• [What to do]
Skip all pictures; return exactly the lines from the one containing "DVF Printed Sleeveless Wrap Dress" through the end of the data.

• [Supplied material]
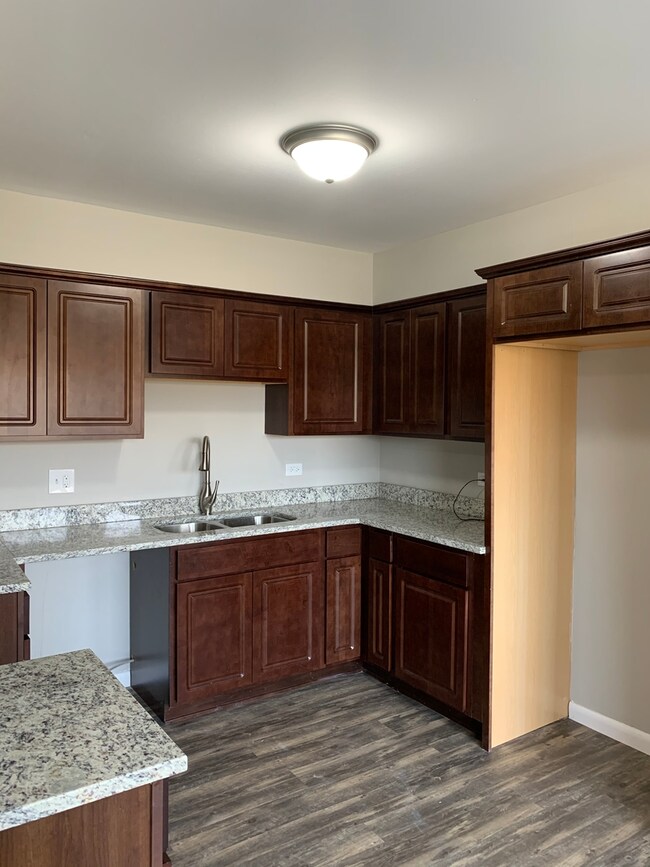 4616 175th Place, Country Club Hills, IL 60478 - photo 4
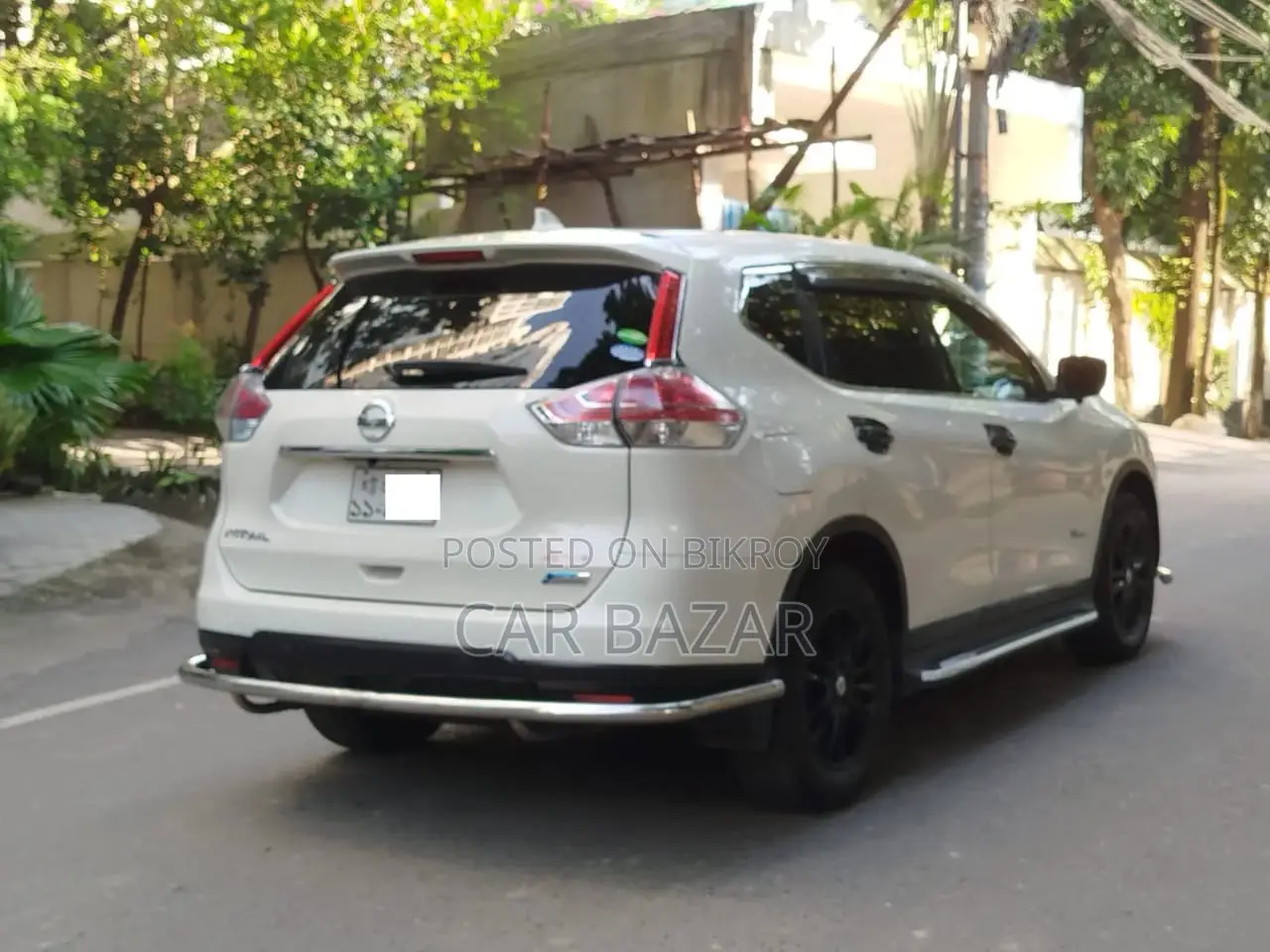 Nissan X-Trail Black Edition Hybrid 2016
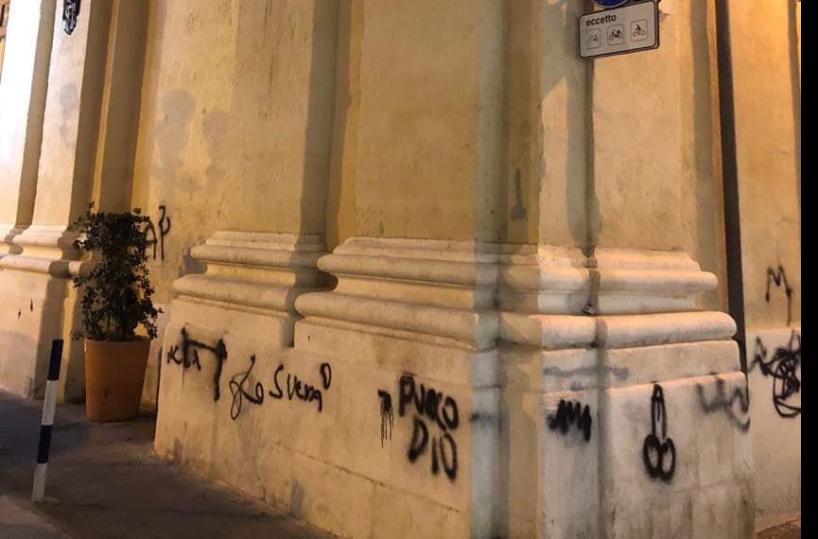 Bari, imbrattano con lo spray la chiesa di San Domenico: la denuncia di Sos Città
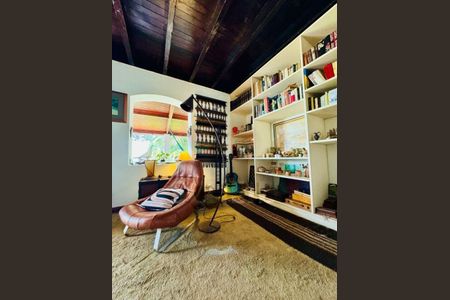 Casa à venda com 960m², 5 quartos e 1 vaga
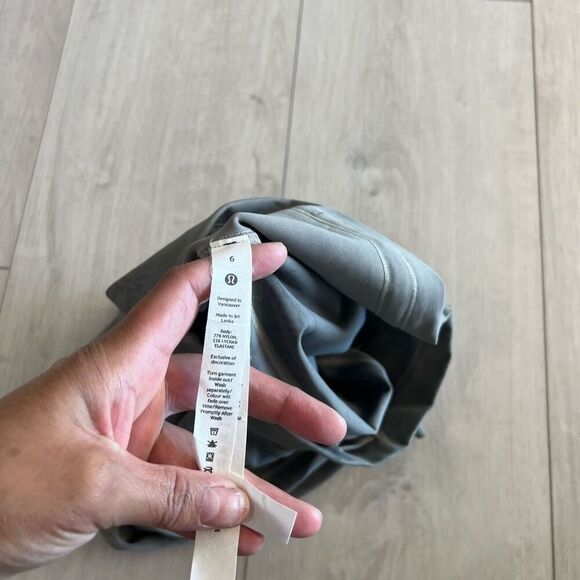 Lululemon women’s leggings size 6 - Picture 8 of 10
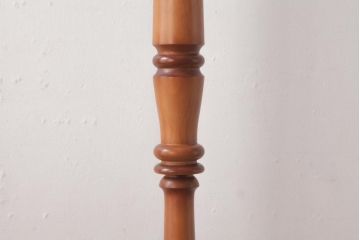 中古　ビンテージカリモク　上品な挽き物加工が施されたポールハンガー(コートハンガー)(R-037357)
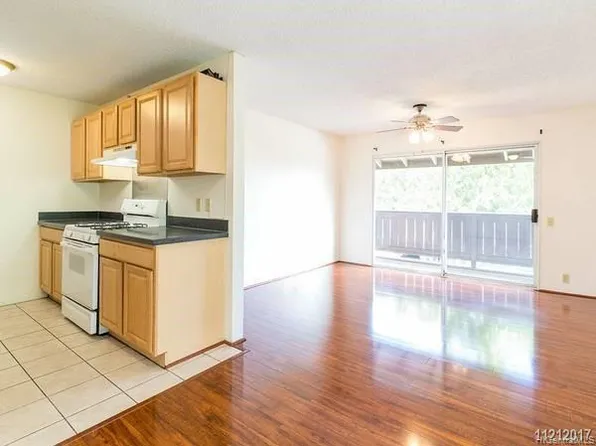 91-1040 Puamaeole St APT 13R, Ewa Beach, HI 96706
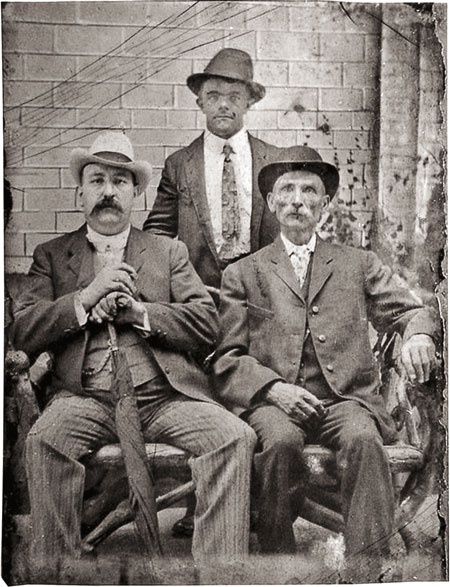 Иллюстрация к книге — Стрелки Дикого Запада. Шерифы, бандиты, ковбои, ганфайтеры [i_126.jpg]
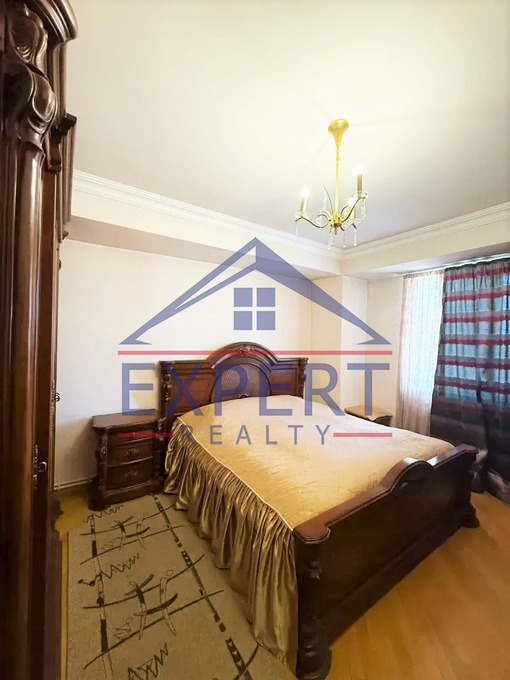 ԱՐԱԲԿԻՐ, ԱՎԵՏ ԱՎԵՏԻՍՅԱՆ ՓՈՂՈՑ, 3 ՍԵՆՅԱԿ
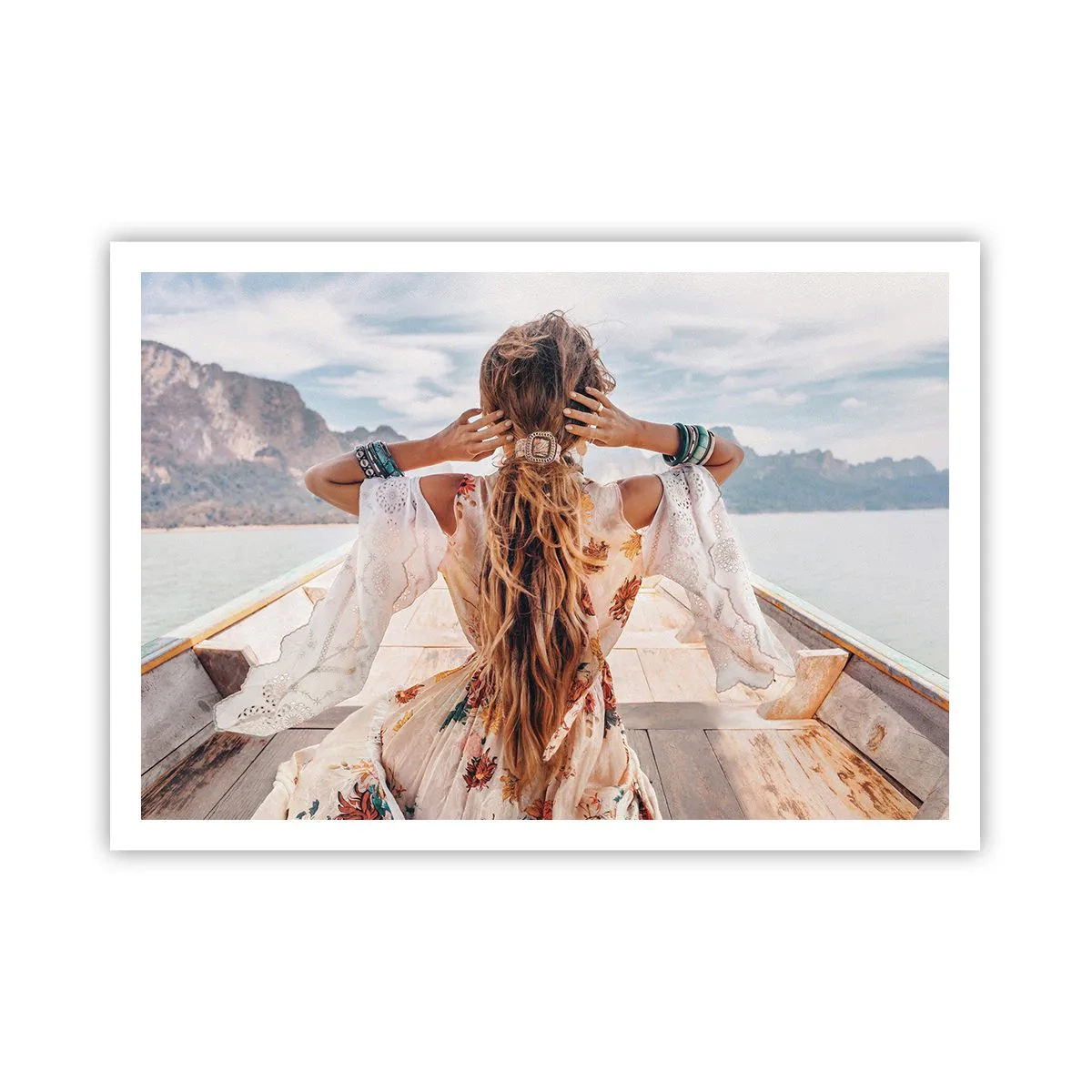 Poster - Frau auf einem Boot mit Blick auf die Berge und das Wasser, Boho-Stil - 100x70cm - Auf dem Weg zum Glück - Moderne Wanddekoration für Wohnzimmer und Schlafzimmer ARTTOR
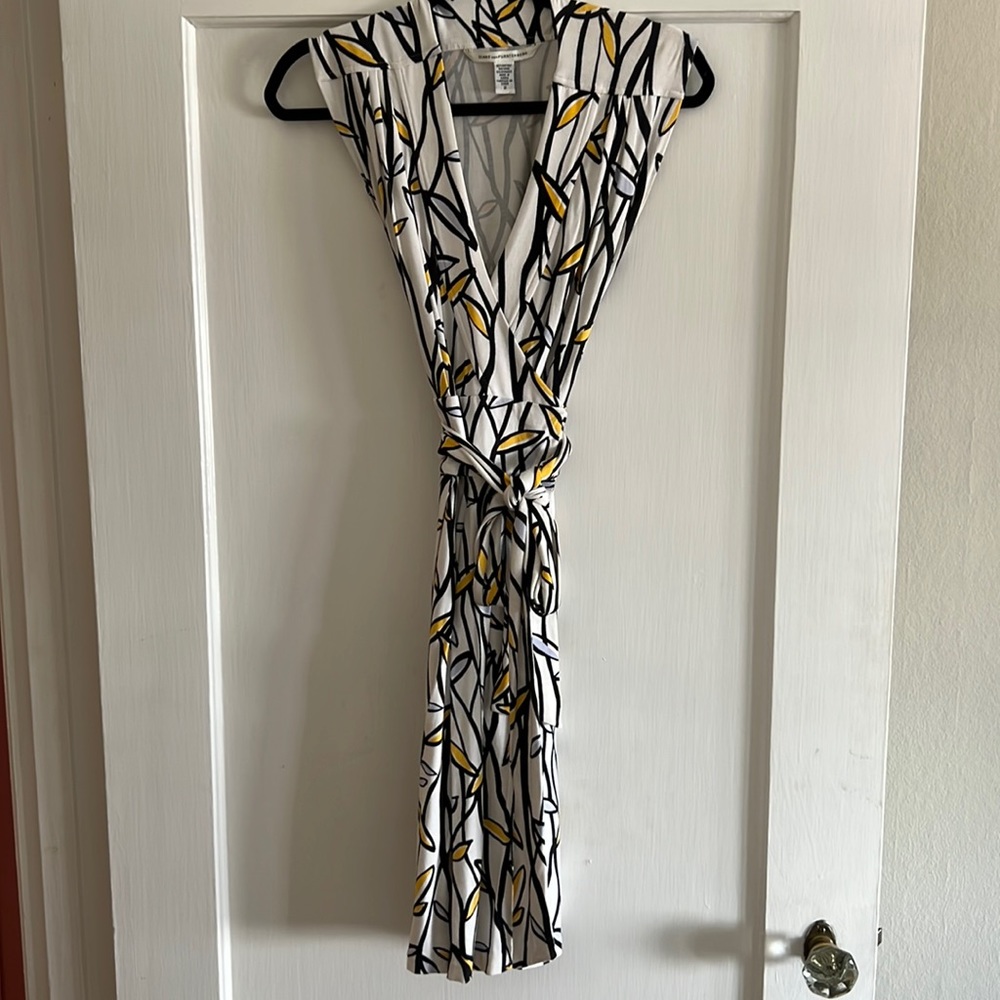 DVF Printed Sleeveless Wrap Dress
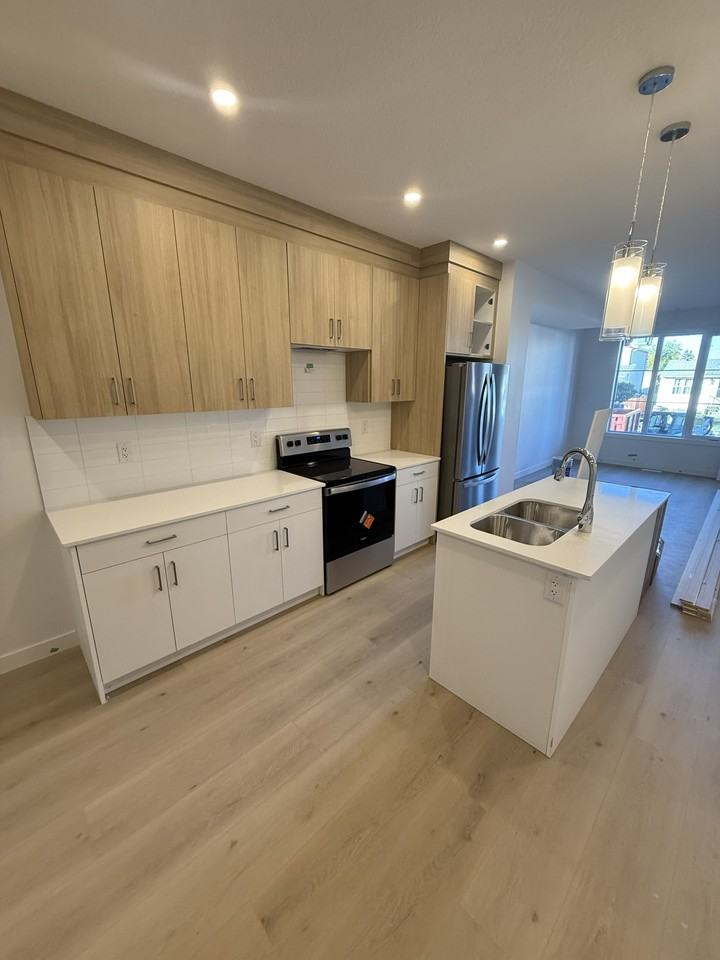10915 151 Street - Photo 6 of 40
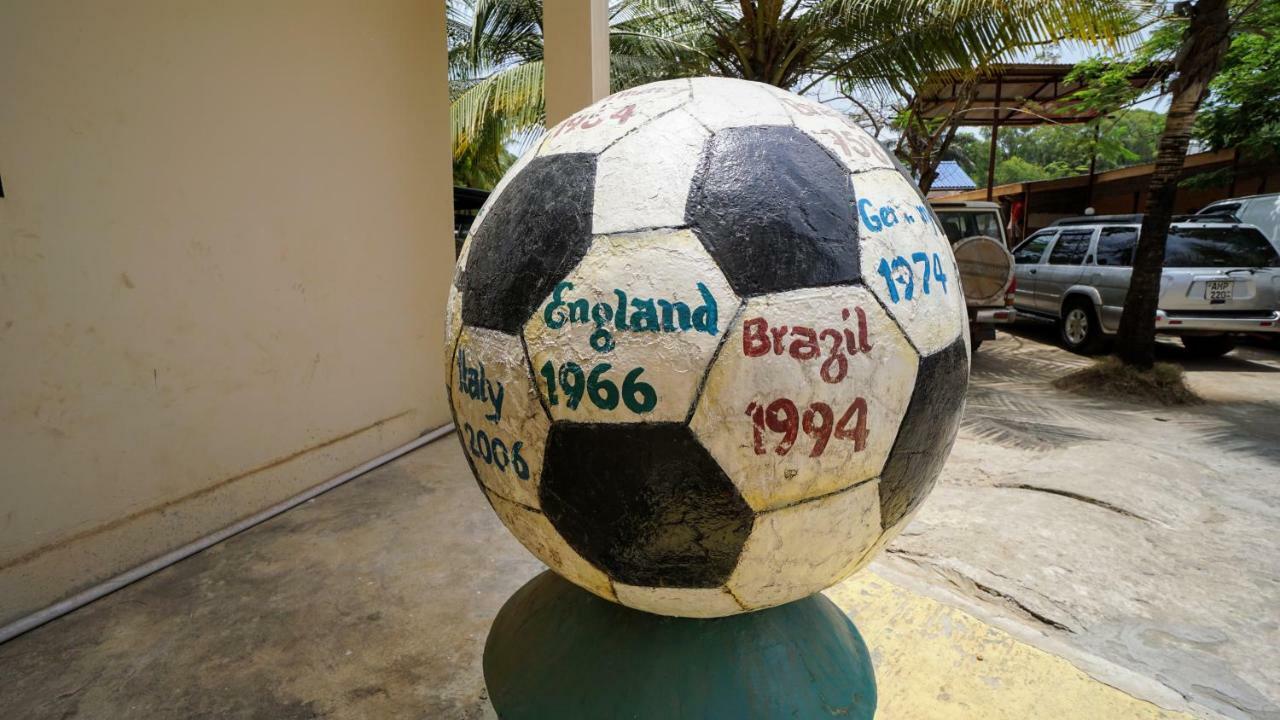 The Family Kingdom Resort Freetown Exterior photo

• [Task response]
 DVF Printed Sleeveless Wrap Dress
10915 151 Street - Photo 6 of 40
 The Family Kingdom Resort Freetown Exterior photo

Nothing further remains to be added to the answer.